The test caught at least one rider, the three-time Tour winner Alberto Contador, off guard. Contador, a person briefed on the results said, had high levels of the plasticizer in his blood on at least one day of the Tour. That person wanted to remain anonymous because he had agreed to keep the information confidential while Contador’s investigation was continuing.
Scientists are probably using the new test on other riders’ blood samples. Antidoping experts would most likely want to compare Contador’s levels of the plasticizer with those of his peers before moving forward with any charges, said two people with knowledge of the case.
Contador, who had not failed a drug test until this year’s Tour, has said he never doped. Still, he faces a two-year suspension and the loss of his Tour title, even if no one can prove that he used a blood transfusion to gain an edge.
At the Tour in July, he also tested positive for a low level of clenbuterol, a potent weight-loss and muscle-building drug, but blamed the result on his consumption of tainted beef from Spain.

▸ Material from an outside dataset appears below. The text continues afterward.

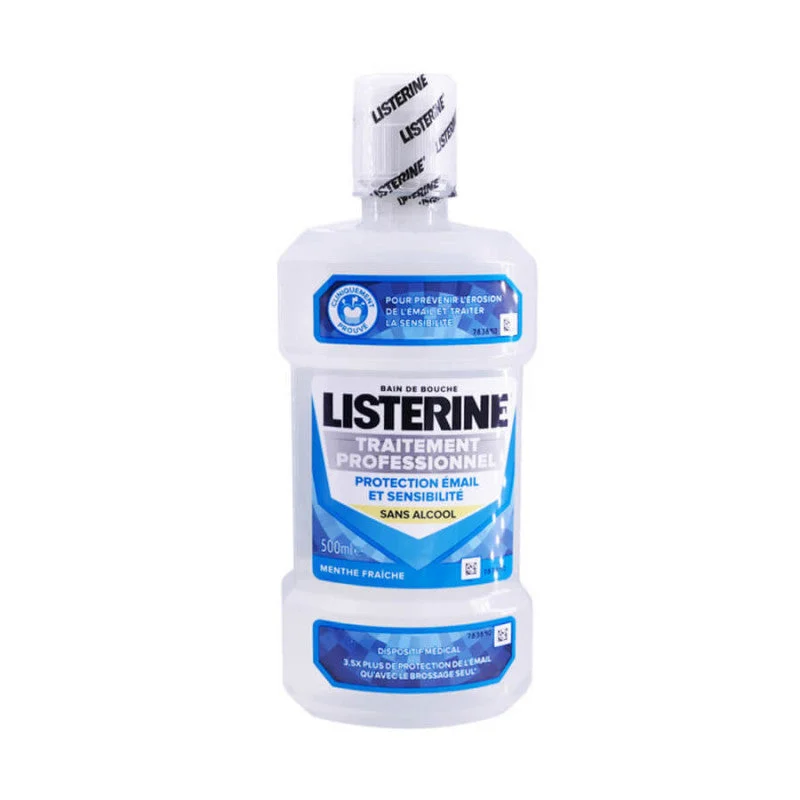 Listerine Collutorio Trattamento Professionale Protezione Smalto e Sensibilità 500ml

“We are just so shocked because we didn’t know about any analysis of the plastic levels,” Anxo Rodríguez, one of Contador’s lawyers, said last Tuesday. The plasticizer test is just a rumor, he said, because he had not seen proof of it.
“Alberto does not know that the test was done,” Rodríguez added, “and it was not legal to take his blood to test for this.”
On Friday, Rodríguez said he had learned that it was indeed legal for antidoping scientists to conduct new tests on a cyclist’s urine and blood because the International Cycling Union adheres to World Anti-Doping Agency rules. Those rules do not require drug testers to tell athletes what they will be tested for.
Using new tests, often introduced without warning, is a common and effective tactic because athletes who dope are often a step ahead of the drug-testing system.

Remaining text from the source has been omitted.